▶ Task requirements: The lines below must be transcribed exactly as given, with the images removed.

++++ Dataset content ++++

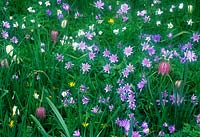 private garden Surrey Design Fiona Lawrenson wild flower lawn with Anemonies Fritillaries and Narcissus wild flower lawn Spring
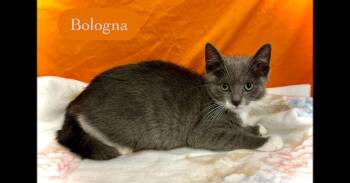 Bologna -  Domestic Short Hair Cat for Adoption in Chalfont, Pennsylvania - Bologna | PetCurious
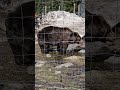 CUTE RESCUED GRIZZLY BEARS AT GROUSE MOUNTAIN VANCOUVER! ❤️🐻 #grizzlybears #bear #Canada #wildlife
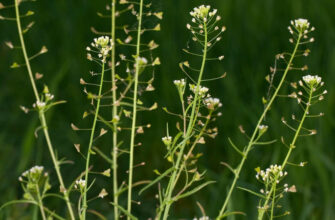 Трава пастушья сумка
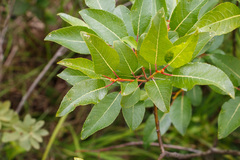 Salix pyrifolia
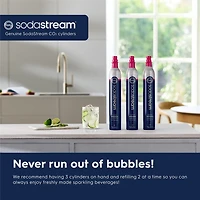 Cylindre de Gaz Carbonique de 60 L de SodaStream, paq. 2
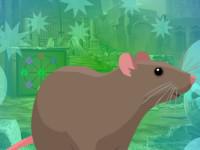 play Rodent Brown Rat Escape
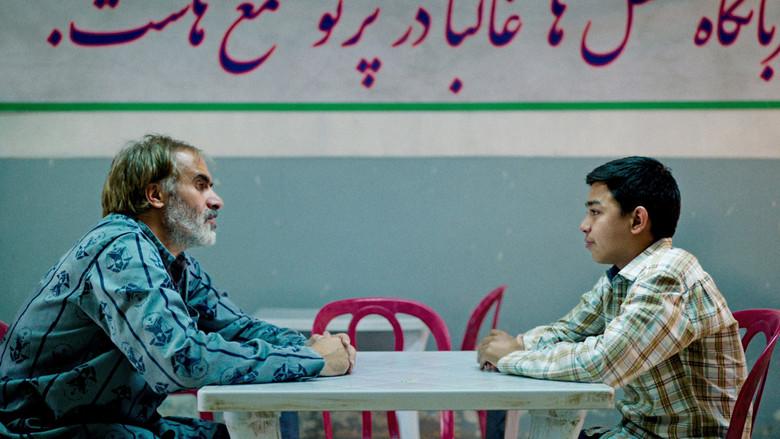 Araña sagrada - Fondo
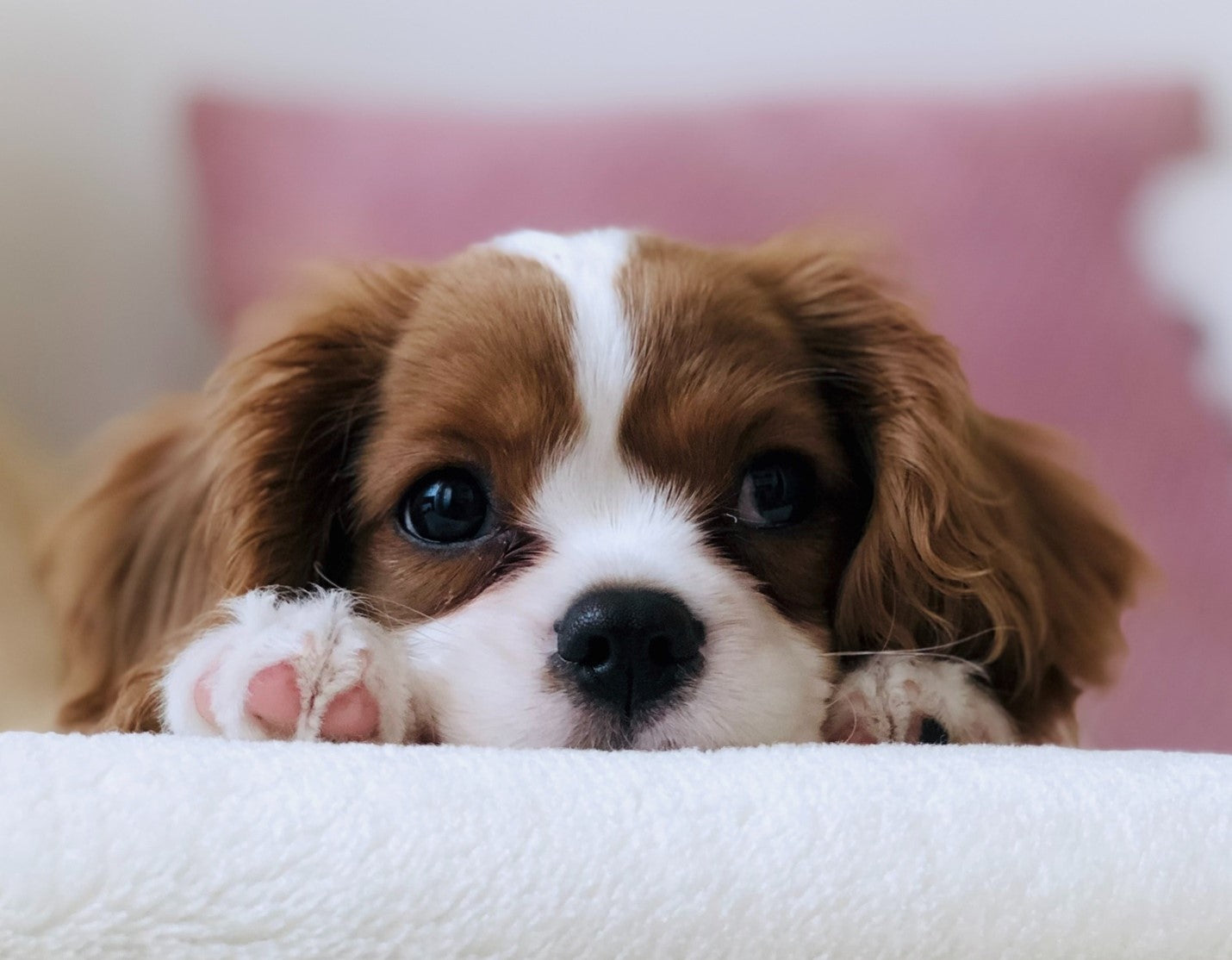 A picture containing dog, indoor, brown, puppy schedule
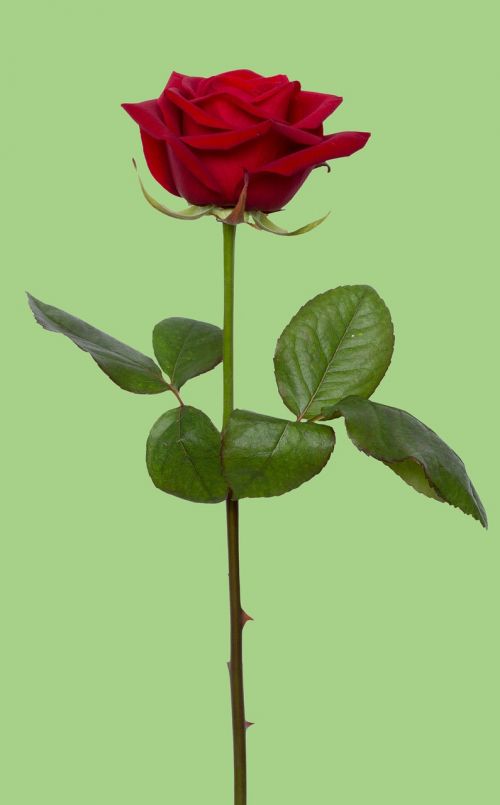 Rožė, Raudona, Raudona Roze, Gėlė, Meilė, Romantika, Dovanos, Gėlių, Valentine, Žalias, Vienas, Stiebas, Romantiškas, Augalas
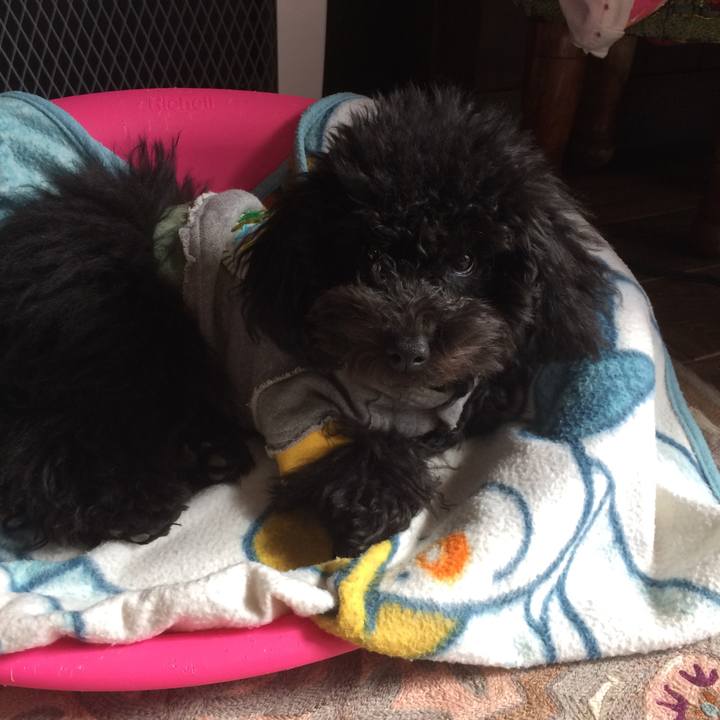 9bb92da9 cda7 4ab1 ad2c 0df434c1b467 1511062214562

++++

▶ Answer:
 private garden Surrey Design Fiona Lawrenson wild flower lawn with Anemonies Fritillaries and Narcissus wild flower lawn Spring
 Bologna -  Domestic Short Hair Cat for Adoption in Chalfont, Pennsylvania - Bologna | PetCurious
 CUTE RESCUED GRIZZLY BEARS AT GROUSE MOUNTAIN VANCOUVER! ❤️🐻 #grizzlybears #bear #Canada #wildlife
 Трава пастушья сумка
 Salix pyrifolia
 Cylindre de Gaz Carbonique de 60 L de SodaStream, paq. 2
 play Rodent Brown Rat Escape
 Araña sagrada - Fondo
 A picture containing dog, indoor, brown, puppy schedule
 Rožė, Raudona, Raudona Roze, Gėlė, Meilė, Romantika, Dovanos, Gėlių, Valentine, Žalias, Vienas, Stiebas, Romantiškas, Augalas
 9bb92da9 cda7 4ab1 ad2c 0df434c1b467 1511062214562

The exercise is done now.